[TASK INSTRUCTIONS] If a line below falls between the line with "Le ramadan débutera" and the line with "Ukifune (?), Fanciulla", or is one of those two, output it exactly; output nothing else and no pictures.
───── RECORDS SHOWN ─────
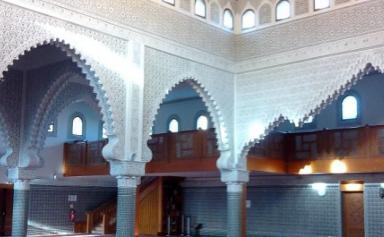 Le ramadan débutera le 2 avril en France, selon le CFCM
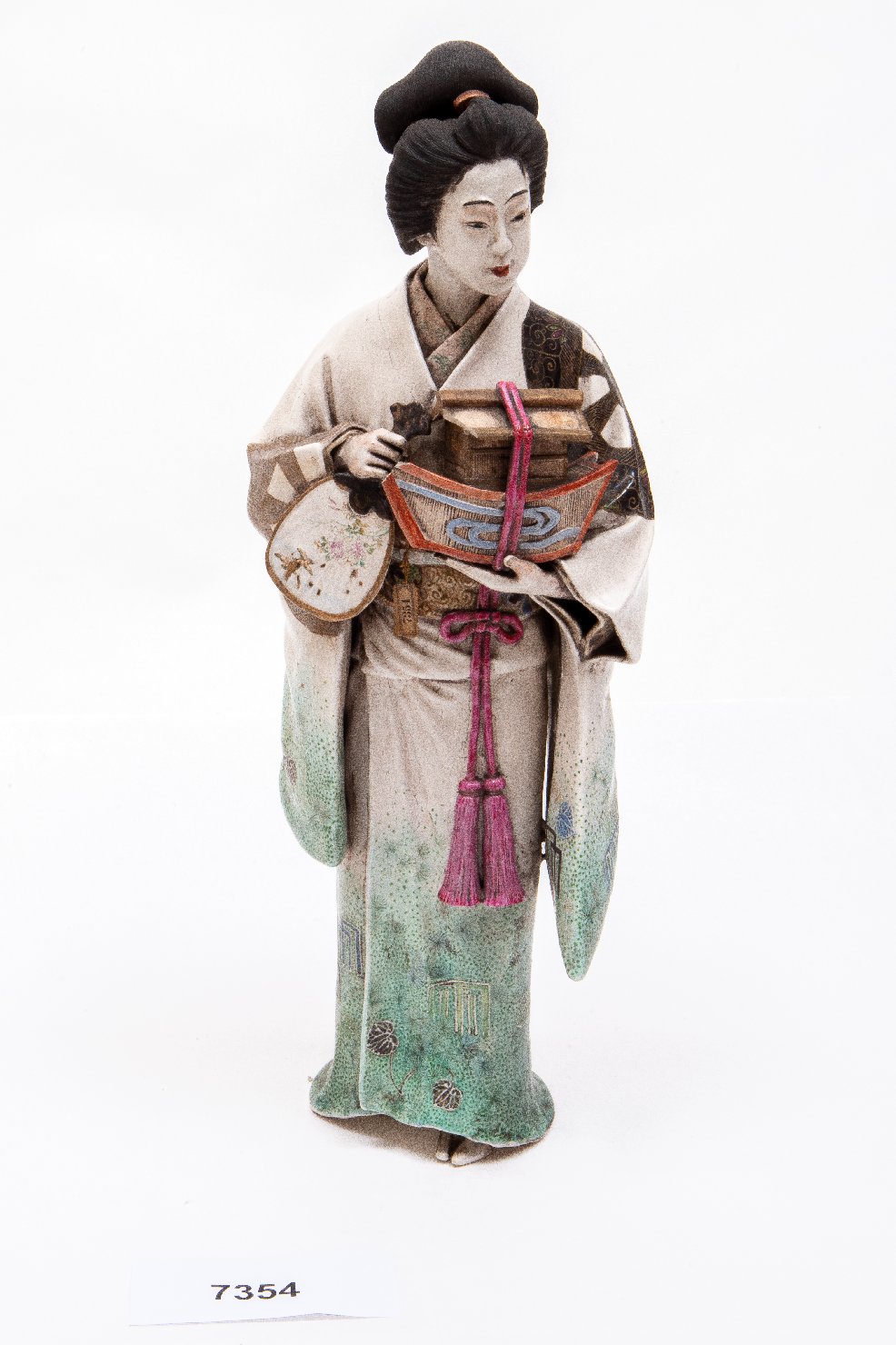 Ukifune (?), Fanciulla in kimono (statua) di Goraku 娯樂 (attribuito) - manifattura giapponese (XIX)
─────
───── RECORDS SHOWN ─────
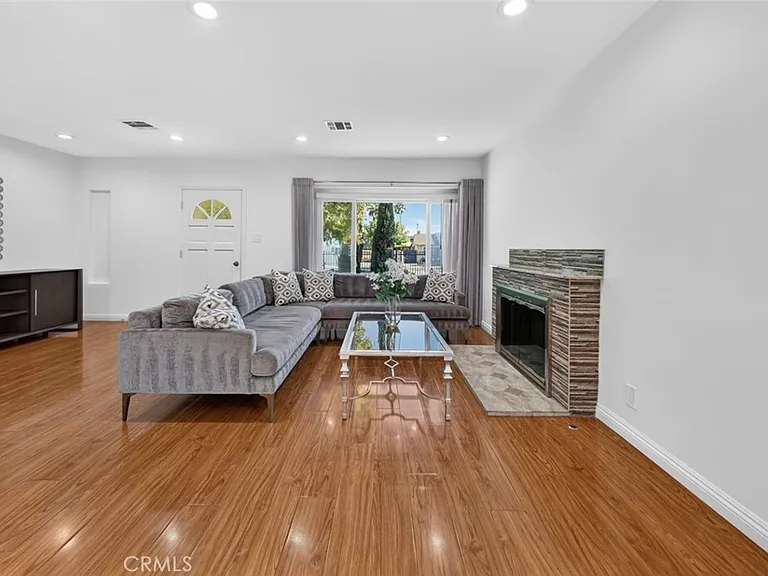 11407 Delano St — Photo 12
─────
───── RECORDS SHOWN ─────
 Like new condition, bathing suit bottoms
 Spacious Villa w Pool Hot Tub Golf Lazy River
─────
[COMPLETED TASK]
 Le ramadan débutera le 2 avril en France, selon le CFCM
 Ukifune (?), Fanciulla in kimono (statua) di Goraku 娯樂 (attribuito) - manifattura giapponese (XIX)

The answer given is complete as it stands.